Lively, entertaining reviews of, and essays on, old and newer films and everything relating to them, written by professional author William Schoell.

Thursday, November 3, 2016

SHOCK CORRIDOR

Attack of the Nymphos!
SHOCK CORRIDOR (1963). Produced, written and directed by Samuel Fuller.

"Their sickness is bound to rub off on you." -- Cathy

"Nymphos!"

Johnny Barrett (Peter Breck) hopes to win a Pulitzer prize by feigning a mental disorder that will get him committed to an asylum where he can find out who murdered one of the patients. He enlists his highly agitated girlfriend, Cathy (Constance Towers), to pretend to be his sister, so he can claim an incestuous attachment to her. Among the inmates that Barrett investigates are an ex G.I., Stuart (James Best), who turned traitor and now thinks he's a general in the confederacy; Boden (Gene Evans), a genius scientist who suffered a nervous breakdown and acts like a child; "Pagliacci" (Larry Tucker) a likable chubby guy who sings an aria from Barber of Seville off-key; and Trent (Hari Rhodes), a black man who has deluded himself that he is a white supremacist. Trying to be topical and controversial, Fuller has managed to come up with a movie that is undeniably arresting at times but, sadly, isn't very good, with some awful and pretentious dialogue, and scenes that border on parody. Barrett somehow manages to wind up in a ward for nymphomaniacs-- only because the script demands it -- where the women seem more interested in clawing him than kissing him -- it's an hilariously ludicrous sequence, badly overdone as so much of the movie is.
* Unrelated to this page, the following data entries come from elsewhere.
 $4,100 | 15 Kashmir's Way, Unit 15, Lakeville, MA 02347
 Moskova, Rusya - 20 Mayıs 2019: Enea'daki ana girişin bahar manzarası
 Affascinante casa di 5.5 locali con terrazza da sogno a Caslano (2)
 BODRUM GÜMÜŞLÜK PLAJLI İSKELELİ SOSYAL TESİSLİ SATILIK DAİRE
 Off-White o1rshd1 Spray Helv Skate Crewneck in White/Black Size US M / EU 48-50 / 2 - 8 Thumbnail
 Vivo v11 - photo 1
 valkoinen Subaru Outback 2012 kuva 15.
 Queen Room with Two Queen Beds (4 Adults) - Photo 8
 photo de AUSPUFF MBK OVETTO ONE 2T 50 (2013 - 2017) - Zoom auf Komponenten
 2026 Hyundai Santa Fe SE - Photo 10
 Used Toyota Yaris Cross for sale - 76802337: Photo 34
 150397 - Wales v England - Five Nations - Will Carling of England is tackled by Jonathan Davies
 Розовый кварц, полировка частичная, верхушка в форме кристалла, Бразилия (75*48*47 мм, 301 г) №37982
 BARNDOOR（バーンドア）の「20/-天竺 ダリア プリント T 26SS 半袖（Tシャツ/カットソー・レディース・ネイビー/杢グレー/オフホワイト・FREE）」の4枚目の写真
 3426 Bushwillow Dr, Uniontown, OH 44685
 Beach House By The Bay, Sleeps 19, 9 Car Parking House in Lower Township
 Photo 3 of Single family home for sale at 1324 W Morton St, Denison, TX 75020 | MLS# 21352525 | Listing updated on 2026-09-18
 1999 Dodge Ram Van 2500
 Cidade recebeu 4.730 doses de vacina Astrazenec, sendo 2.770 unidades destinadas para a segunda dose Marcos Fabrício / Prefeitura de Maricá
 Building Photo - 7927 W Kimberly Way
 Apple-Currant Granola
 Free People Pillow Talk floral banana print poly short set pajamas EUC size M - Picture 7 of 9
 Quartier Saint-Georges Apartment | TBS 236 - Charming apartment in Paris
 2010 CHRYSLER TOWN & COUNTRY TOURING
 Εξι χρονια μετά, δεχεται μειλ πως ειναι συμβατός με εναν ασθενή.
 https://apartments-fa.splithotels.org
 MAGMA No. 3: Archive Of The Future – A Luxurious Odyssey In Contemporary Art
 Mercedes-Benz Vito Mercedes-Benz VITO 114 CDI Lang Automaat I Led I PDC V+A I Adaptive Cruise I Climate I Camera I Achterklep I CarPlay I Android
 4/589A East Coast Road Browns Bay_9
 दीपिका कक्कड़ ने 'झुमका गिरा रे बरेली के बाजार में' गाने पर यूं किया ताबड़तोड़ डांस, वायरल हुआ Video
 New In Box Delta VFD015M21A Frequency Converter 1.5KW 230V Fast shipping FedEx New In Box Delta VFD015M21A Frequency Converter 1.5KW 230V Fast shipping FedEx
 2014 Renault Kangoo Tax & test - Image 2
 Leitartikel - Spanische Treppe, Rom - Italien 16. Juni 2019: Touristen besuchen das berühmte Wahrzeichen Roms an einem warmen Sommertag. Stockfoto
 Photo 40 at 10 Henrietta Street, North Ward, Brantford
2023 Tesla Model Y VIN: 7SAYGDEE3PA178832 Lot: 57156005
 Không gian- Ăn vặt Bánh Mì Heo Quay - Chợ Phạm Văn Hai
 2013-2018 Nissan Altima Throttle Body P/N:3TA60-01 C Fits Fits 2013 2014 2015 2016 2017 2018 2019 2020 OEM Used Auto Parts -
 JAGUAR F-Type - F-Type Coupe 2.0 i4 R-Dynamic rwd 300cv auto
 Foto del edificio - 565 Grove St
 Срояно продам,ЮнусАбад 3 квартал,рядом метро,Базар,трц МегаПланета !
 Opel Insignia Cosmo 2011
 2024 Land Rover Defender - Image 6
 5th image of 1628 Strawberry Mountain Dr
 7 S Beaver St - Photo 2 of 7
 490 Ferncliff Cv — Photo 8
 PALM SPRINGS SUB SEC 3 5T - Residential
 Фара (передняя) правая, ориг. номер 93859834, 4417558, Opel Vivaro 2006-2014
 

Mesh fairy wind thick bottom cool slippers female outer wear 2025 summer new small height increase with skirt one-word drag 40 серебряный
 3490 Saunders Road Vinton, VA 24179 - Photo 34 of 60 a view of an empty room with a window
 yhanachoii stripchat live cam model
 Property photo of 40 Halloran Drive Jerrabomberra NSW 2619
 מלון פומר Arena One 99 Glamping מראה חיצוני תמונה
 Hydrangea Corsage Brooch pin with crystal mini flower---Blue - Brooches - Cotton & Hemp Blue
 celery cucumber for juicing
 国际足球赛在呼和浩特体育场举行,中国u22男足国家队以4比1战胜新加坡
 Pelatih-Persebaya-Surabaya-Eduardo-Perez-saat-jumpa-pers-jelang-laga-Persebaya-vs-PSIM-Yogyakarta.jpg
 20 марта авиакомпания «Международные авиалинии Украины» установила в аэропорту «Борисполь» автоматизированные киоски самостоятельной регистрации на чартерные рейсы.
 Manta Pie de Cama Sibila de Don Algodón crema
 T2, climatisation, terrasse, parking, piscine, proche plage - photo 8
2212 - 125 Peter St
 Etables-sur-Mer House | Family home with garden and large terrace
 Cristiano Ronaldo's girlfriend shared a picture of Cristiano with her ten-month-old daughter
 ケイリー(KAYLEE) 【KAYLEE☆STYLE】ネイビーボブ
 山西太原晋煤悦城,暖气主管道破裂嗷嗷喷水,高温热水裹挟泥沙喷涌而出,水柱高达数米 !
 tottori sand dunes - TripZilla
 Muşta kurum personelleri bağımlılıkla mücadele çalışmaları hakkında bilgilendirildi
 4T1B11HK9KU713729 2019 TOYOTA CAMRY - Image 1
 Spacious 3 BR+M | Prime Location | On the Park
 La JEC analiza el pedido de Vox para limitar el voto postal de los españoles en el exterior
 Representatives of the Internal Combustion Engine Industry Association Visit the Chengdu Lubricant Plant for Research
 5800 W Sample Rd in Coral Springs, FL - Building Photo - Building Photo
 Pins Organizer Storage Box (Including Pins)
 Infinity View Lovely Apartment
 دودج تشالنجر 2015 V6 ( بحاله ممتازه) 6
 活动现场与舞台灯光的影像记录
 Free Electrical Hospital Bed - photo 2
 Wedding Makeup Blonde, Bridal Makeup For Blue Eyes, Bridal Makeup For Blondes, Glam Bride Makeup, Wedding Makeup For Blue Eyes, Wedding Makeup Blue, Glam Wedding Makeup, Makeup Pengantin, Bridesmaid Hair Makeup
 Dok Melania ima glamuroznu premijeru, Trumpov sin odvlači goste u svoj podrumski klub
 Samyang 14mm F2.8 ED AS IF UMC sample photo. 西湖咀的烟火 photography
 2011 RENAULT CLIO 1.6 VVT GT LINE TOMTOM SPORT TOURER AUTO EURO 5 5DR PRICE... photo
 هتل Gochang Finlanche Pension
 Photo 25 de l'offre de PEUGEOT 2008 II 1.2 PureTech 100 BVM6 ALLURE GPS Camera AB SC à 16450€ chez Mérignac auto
Periodically Fuller inserts color stock footage (in a black and white movie) to illustrate certain points, and what can one say about Towers' dance number but that it is seriously weird? There are some good performances, with Breck [I Want to Live!] and Evans [The Giant Behemoth] coming off best. Fuller seems to have directed Constance Towers to be on the verge of a nervous breakdown herself. Mental illness is more exploited by the movie than examined. Samuel Fuller could make some good movies -- Forty Guns, for instance -- but this one is a notable failure.

Verdict: It's different, certainly, but still not very good. **.